Facebook's recent set of scandals - and its way of handling them - has not just fumed regular users but also triggered a wave of disapproval from the company's shareholders.
The company recently held its annual general meeting and witnessed a wave of calls to oust Mark Zuckerberg, the company's founder, as the Chairman of the board.
Here's how the vote panned out.
68% voted to removed Zuck as Chairman
According to recent reports, some 68% of Facebook's independent, aka ordinary, investors who do not form part of the company's leadership voted for a proposal to remove Zuckerberg as the Chairman of the company.

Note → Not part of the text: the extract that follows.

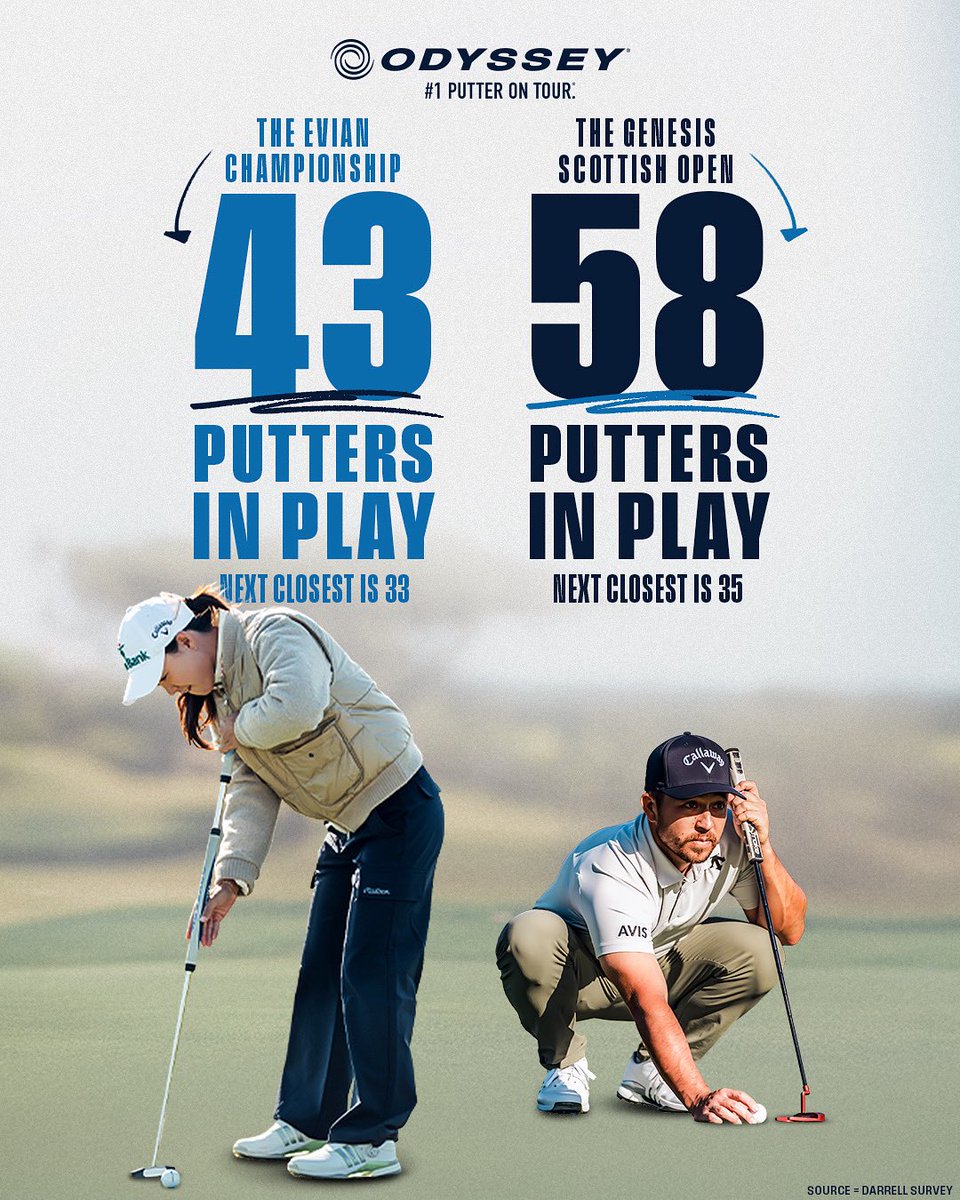 In travel bags and airlines we trust. 🙏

They expressed concerns over the company's recent scandals, including Cambridge Analytica and election interference, and wanted an independent Chairman who could hold Zuckerberg and top management accountable for their faults.

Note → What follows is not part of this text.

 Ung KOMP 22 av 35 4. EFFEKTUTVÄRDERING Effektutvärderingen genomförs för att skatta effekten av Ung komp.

Call to remove Zuck grows stronger
Notably, the call to remove Zuckerberg, who is also the founder and CEO of Facebook, as the Chairman has grown stronger since the last year when 51% of independent investors voted to get him removed.
Investors also voted against dual-class shareholding structure
In addition to Zuck's ouster, some 83% of Facebook's outside shareholders voted against the dual-class structure of shareholding at the company.
Currently, outside investors hold Class-A shares, which give them the right of one vote per share.
However, Zuck and his top team have got Class-B shares, giving them the power of 10 votes for every single share.
This means removing Zuckerberg isn't easy
The share structure at Facebook makes it nearly impossible for outside shareholders to get Zuckerberg removed.
The Facebook boss and his top team hold 18% of total shares as Class-B, making up 70% of the voting power at the company.
Zuckerberg alone, in fact, holds 60% vote, meaning he can't be removed as long as he and his allies are on the same page.
Now, this is a problem
Despite shareholder's discontent, Zuckerberg staying in the loop is a sign of shaken corporate governance.
The investors want a change, but he voted down both of their proposals, maintaining his own dominance at the company.
"This level of support is rarely seen in shareholder proposals," Jonas Kron, who runs activist shareholder Trillium Asset Management told Business Insider, explaining the importance of this vote.